On the AT&T side, I think, they just completed a $50 billion deal for DirecTV last year. You mentioned the debt balance.
Kline: The debt terrifies me on this. You're going to have to -- they say they're going to cut about $1 billion in expenses. What's $1 billion when you have $200 billion? So they'll catch up to their debt in 200 years? I mean, it's not a good number.
Shen: Yeah. So, to give you an idea there, AT&T right now, their cash balance is about $6 billion. Net debt is $120 billion. They would have to take on Time Warner's $22 billion of net debt. And then, the cash consideration for this deal alone is over $40 billion. So, Dan, that $200 billion number you threw out, throw it all together, you're getting pretty darn close --
Kline: I'm rounding up a little bit. But this is one of those deals where you have to assume everything is going to go right if you're a stockholder and you want to hold this long term. You have to assume that not only does AT&T buy this, but they can integrate properly, they can cost-cut without hurting quality, and they can leverage that to gain subscribers or advertising and more viewers. That's a lot of things that have to go right before you have kind of a debt crisis.
Shen: Final takeaway, for me personally, as it stands: I think, if the two companies come together in their total current forms, there are a ton of benefits. Personally, I might not agree with it. We've seen some issues with the acquiring company not living up to some of the promises that they make to get a deal through regulatory hurdles. I think there's a lot of problems with that, in terms of enforcement. But overall, if you are a shareholder here, in terms of the premium that you're getting, and also this mega-distribution, content-creation conglomerate that you get, I think it's a very powerful entity to have in the market. But whether the deal will go through -- like you mentioned, Time Warner being able to keep every piece of its business, the three major segments, between Turner, HBO, and Warner Brothers -- remains to be seen. And what concessions AT&T will have to do, what do you think?

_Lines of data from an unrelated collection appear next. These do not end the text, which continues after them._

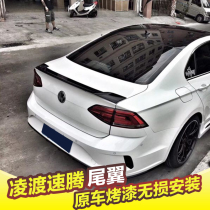 15-21 Volkswagen Lingdu tail 12-20 new Sagitar tail modified sports model non-perforated duck tongue big tail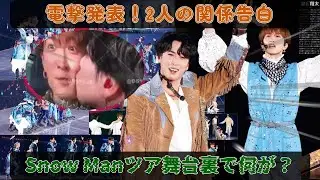 Snow Manドームツアー大阪公演終幕直後、渡辺翔太が宮舘涼太との関係を電撃発表！ファンに衝撃走る、舞台裏の真実とは？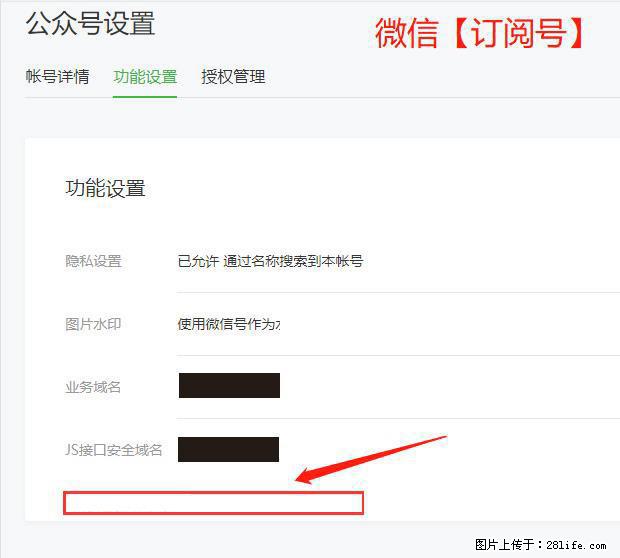 微信公众号设置-功能设置-为什么没有【网页授权域名】项？ - 生活百科 - 苏州生活社区 - 苏州28生活网 su.28life.net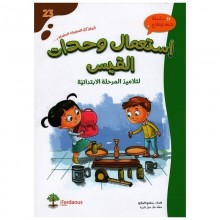 استعمال وحدات القيس - دعم و علاج -الفردوس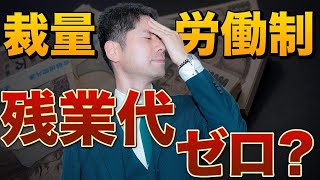 裁量労働制では残業代はもらえないのか？専門業務型裁量労働制を争う３つのポイント【弁護士が解説】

Kline: I see the plus side for AT&T shareholders. They get premium content, which is very hard to come by. If I was a Time Warner shareholder, I don't think 35% is enough. I think spinning off HBO might be worth more than that, in terms of a premium. If you are a Time Warner shareholder who is a little bit dicey about the future of the company and are looking for an exit, this might be a wonderful strategy. But if you are a buy-and-hold investor who believes that HBO and TBS and TNT and CNN and all these properties had a future ... I don't know, I don't have a lot of faith in AT&T management. I know that Jeff Bewkes said he was going to stay on for at least a year, but content is not the same as subscriptions. You can't apply the same metrics. If you're HBO, TBS, TNT, you're going to have to lose money on a certain amount of prestige programming so HBO can keep saying "It's not TV, it's HBO." That's very hard for a traditional company to swallow. I've said it since the beginning -- it makes it a very uncomfortable marriage.
Shen: Absolutely. That's a very fair point. I think anyone who's trailing either company, or both, and just following this deal in general, we'll just have to see what happens with the regulatory hurdles and how things change as that part of the process develops.